Crayola Flip-Top Markers
Crayola produces Flip-Top markers. These are the size of large markers, and available in many of the same colours. The difference is in the lid. Rather than the traditional lid, it has a lid that is attached and can be ‘flipped’ off. They cost about the same as other varieties of Crayola pens, and although they’re not as common as traditional ones, they’re not difficult to find either. I bought them for my daughter at Asda (Wal-Mart).
So how did they pass the toddler test? My daughter did seem a bit annoyed by the lids at first, but within five minutes she was happily drawing with them. She doesn’t have any problems opening the lid herself, although some children may have difficulties snapping the lid onto the base of the marker ( which is frustrating because then the lid either hits your hand or hangs down in the way of your drawing). So she likes them about the same as her other markers.
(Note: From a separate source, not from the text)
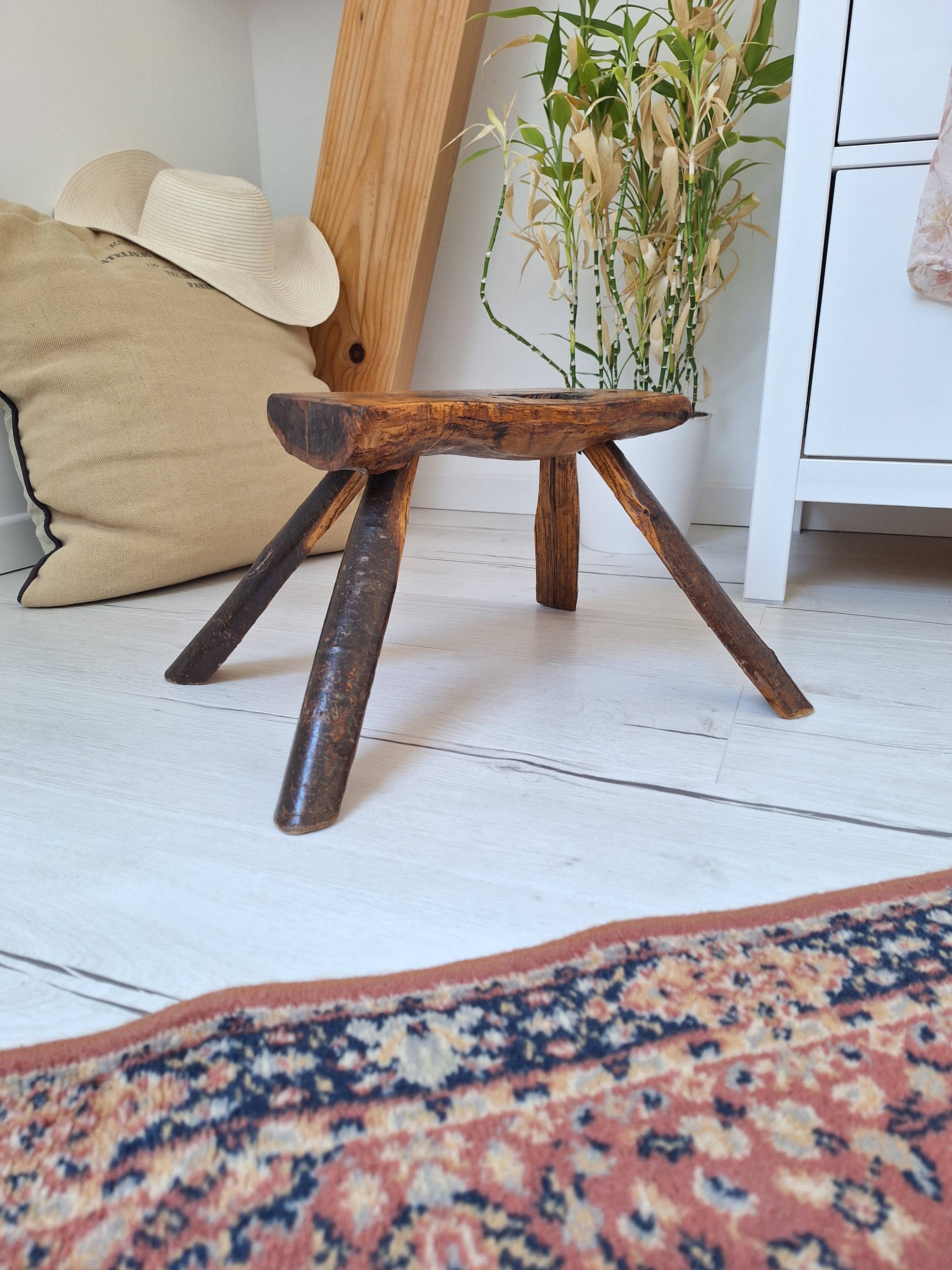 Tabouret de traite brutaliste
The big difference is that you can’t lose the lid. This means that the markers last a lot longer because they don’t dry up from having the lids left off. Although she normally doesn’t bother to do it, my toddler can replace the lid herself.
Also, the Flip-Top markers are washable. They easily come out of clothing, and will wipe off of most surfaces with just a wet-wipe.
Crayola Washable Markers
Crayola also produces a super washable range of markers. These are supposed to be easy to clean from a variety of surfaces, so I thought it would be worth trying them. They look the same as their ordinary markers, and don’t cost much more either. So I gave them to my toddler to put them to the test.
True to their name, these markers are super washable. She fell asleep for a nap with one clutched in her hand, but the big splotch of green easily washed out of her sheet. It also wiped off with just a damp cloth from furniture. In fact, the problem is that they’re too washable. They wipe away so easily that they’re messy. For example, when my daughter was colouring, the pen would smear off onto her if she brushed against the paper. Normal Crayola pens do not do this. The result was that she ended up covered in big smears of colours every time that she used them, which was annoying even if it did wash off easily.
Also, the traditional lids meant that she took them off to colour, then walked off with the pens and so it was difficult to reunite the pens and lids. I was impressed, though, by how long they lasted without the lids on; it took them much longer to dry up than cheaper brand pens do.
My verdict is definitely in favour of the flip-top pens. They are easy to use, you can’t lose the lids, and they wash out of clothes without wiping off on everything.